Recession: cycling industry and crime

Rising energy, rents, mortgages and food costs…It’s hard to escape the cost of living rises and the threat of a global recession on the horizon.

We explore what impact the current and future economic climate, into 2023, might have on crime and the cycling industry.

Recession and cycling industry

So the big question to start, will crime rise in a recession?

The logical expectation would be yes, as you would expect poverty and desperation to lead a new wave of people into a criminal life. Whilst there is a risk with certain younger age groups of society and certain types of crime, ‘overall’ the crime rate is not expected to rise based on statistics from previous recessions, including 2008/2009.

However, theft is one type of crime that can see a recession rise. In 2009, The Guardian reported that crime was down by 4% overall, but there was “an unexpected 25% surge in personal thefts and a 4% increase in burglaries.”

Regarding bicycle thefts specifically, in 2008 and 2009 there was a strong decline in reported police bicycle thefts within England and Wales, with 104K bikes stolen compared to 111K in 2007 and then back up to 110K in 2010.

Crime in a recession - 2008 - 2009

In 2022, without being in a recession yet, we are seeing a slow down in the number of ‘police reported’ bicycle thefts as Stolen Ride predicted in the summer of 2021, but cycling numbers have also fallen considerably with fewer people using bikes as a mode of transport.

The National Travel Survey published on the 31st August 2022 revealed that “compared to 2020, average cycling trips decreased by 27% in 2021 to 15 trips per person, a figure which is 7% lower than 2019.”

The demand for new bikes has fallen in 2022, with the CEO of Trek recently mentioning to Bounce Cycles that “we are seeing a significant decline in demand for bicycles.”

Cheap money for business has ended

In the last two boom years you will have read about large business investments and even larger acquisitions in the cycling industry.
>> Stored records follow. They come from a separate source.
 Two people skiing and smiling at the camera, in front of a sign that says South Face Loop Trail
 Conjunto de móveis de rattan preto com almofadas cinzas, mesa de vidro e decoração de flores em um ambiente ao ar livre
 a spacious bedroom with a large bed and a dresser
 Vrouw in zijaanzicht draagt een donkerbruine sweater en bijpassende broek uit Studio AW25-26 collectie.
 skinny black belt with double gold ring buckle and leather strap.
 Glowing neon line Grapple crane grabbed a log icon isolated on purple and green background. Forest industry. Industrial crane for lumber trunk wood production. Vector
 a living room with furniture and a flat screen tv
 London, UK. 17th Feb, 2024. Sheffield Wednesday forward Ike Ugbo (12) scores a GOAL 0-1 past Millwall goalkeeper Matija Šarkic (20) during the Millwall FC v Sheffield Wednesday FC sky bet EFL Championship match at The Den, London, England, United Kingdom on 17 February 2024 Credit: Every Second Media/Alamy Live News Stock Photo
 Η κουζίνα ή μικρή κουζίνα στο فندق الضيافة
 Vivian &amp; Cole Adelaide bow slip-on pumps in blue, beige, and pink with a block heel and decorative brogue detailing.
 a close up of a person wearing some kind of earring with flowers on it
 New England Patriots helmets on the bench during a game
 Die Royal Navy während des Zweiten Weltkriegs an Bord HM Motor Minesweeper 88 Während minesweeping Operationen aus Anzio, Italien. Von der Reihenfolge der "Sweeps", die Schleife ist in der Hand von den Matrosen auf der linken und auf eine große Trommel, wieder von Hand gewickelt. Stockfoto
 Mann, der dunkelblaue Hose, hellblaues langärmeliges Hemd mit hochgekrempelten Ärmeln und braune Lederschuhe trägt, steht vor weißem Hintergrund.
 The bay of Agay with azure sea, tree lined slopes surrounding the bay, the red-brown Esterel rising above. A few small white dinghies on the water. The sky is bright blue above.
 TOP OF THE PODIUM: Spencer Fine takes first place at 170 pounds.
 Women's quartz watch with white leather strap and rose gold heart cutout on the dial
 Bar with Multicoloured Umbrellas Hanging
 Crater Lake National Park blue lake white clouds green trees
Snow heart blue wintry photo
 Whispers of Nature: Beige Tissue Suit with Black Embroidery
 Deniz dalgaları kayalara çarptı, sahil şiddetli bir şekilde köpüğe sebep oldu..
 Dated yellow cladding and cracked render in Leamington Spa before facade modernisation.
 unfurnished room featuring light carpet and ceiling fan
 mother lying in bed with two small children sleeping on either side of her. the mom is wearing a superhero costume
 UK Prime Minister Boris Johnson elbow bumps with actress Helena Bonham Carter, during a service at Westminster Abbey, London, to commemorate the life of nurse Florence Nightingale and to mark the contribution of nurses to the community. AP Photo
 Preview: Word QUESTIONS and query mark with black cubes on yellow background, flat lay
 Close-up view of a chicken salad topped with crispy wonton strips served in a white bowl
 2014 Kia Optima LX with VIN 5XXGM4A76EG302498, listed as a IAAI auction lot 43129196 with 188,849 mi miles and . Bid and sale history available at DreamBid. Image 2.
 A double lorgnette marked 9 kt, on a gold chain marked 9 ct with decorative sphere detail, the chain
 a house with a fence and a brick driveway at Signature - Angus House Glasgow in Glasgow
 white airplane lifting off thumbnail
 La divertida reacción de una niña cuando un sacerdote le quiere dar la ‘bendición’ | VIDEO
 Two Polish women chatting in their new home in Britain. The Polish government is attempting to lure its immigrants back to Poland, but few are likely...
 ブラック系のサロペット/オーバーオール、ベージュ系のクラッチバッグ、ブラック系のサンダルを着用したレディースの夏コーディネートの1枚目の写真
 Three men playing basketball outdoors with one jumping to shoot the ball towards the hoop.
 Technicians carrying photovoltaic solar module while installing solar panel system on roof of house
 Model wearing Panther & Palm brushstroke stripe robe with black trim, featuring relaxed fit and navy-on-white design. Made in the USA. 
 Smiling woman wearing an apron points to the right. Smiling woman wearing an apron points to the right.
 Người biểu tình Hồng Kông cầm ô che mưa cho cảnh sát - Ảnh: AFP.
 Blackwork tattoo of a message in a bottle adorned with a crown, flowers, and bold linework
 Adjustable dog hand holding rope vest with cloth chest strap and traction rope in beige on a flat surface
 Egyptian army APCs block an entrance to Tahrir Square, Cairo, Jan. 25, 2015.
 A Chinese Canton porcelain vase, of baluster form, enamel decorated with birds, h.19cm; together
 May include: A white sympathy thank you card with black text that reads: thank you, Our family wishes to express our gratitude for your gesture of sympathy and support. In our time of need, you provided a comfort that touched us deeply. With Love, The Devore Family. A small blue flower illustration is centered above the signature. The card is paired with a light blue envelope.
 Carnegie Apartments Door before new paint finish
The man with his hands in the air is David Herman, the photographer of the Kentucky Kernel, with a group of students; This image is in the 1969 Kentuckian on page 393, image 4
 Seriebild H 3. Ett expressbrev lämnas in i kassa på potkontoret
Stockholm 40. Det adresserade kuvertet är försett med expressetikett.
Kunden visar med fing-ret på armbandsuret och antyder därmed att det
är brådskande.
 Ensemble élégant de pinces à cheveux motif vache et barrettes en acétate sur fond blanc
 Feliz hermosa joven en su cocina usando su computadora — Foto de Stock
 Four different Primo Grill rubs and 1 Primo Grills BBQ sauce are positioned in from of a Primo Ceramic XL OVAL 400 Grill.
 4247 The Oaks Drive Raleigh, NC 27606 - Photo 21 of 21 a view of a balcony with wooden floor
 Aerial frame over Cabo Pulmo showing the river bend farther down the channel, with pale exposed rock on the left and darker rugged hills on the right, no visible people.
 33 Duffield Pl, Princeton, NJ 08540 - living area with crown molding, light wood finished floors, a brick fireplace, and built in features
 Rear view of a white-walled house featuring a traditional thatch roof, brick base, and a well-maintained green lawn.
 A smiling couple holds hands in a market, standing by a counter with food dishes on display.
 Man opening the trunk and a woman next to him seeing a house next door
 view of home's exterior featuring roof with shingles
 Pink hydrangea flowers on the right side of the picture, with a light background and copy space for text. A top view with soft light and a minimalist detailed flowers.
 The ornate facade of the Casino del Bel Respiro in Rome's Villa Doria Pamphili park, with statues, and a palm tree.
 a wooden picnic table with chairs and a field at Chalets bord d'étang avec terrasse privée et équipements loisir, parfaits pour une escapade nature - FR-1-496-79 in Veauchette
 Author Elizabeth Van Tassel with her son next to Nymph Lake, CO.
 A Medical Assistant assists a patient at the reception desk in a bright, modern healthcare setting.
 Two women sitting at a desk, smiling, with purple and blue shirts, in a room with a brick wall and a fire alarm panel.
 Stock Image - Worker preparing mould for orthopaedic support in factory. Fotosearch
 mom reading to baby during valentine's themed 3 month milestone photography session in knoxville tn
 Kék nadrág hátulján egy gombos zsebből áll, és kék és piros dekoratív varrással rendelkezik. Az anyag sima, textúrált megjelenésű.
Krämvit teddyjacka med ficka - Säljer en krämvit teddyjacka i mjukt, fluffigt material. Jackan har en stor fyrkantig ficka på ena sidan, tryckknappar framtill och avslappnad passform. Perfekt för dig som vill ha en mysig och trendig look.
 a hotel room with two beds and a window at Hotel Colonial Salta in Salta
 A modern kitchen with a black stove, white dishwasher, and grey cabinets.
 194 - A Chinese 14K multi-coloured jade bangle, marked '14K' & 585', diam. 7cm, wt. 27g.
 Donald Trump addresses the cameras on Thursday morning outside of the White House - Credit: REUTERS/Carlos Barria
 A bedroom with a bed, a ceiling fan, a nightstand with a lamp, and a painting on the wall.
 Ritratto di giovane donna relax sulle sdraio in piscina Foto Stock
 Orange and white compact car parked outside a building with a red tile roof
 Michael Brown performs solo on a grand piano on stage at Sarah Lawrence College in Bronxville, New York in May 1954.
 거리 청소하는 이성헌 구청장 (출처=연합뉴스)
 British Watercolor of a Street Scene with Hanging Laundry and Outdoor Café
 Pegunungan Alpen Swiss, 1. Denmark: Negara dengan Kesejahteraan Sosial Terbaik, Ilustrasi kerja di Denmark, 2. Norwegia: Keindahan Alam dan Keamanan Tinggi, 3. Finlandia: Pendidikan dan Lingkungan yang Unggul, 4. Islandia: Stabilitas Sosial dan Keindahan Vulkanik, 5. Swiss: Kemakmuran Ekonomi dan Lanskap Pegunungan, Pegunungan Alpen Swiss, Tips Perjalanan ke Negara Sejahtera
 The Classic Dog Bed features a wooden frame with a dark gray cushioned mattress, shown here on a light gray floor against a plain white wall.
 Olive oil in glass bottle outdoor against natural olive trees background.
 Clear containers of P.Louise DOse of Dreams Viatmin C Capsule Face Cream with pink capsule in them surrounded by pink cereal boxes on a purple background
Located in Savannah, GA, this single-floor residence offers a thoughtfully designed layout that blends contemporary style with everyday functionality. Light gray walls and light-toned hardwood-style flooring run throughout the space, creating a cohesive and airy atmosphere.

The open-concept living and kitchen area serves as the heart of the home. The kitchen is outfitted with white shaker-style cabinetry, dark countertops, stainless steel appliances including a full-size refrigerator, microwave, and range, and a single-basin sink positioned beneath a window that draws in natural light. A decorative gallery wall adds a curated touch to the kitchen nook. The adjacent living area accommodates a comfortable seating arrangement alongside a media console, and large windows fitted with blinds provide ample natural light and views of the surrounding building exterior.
Whilst this will always happen in good times and bad when it comes to great business ideas and companies, start-up funding has become harder to capture. We could see in the coming months, into April next year, scale back across large swathes of cycling businesses with an acknowledgement that their incoming revenue is likely to suffer with people looking to save money. The only caveat to that is the hope that more people will take to bikes and ditch their petrol guzzling cars.

More generally in business, the impact of challenging conditions are already landing with some business owners left with no choice but to shut their doors. There was a “13-year high in the three months to the end of June” of business closures, across England and Wales, as reported by The Guardian.

However, if certain existing businesses are scaling back or closing, it might be a fantastic opportunity for brand new businesses to lay solid foundations without the same level of competition.

Cycle insurance decline?

We recently asked the Stolen Ride community on Instagram, ‘compared to a year ago, which of the following are you more likely to do?’

  1. Cancel your cycle insurance policy
  2. Shop around for cheaper cycle insurance
  3. Buy cycle insurance for the first time

Unsurprisingly, particularly among the Stolen Ride community, a large percentage (41%) are keen for peace of mind by taking out insurance.

But an even larger, 59%, are considering cancelling existing policies or shopping around for cheaper cycle insurance.

With insurance, it’s unfortunately common for people to cancel policies when there are recessions, as money-saving mode is activated. In 2009, for example, a significant number in the UK cancelled home insurance (as reported by LV and Sainsburys’ Bank at the time).


It’s clear that these are troubling times for all of us as we face an uncertain financial future. Whilst it’s positive news that bicycle thefts have fallen slightly this year, we would suggest thinking very carefully before cancelling any insurance policy as a means of cost saving.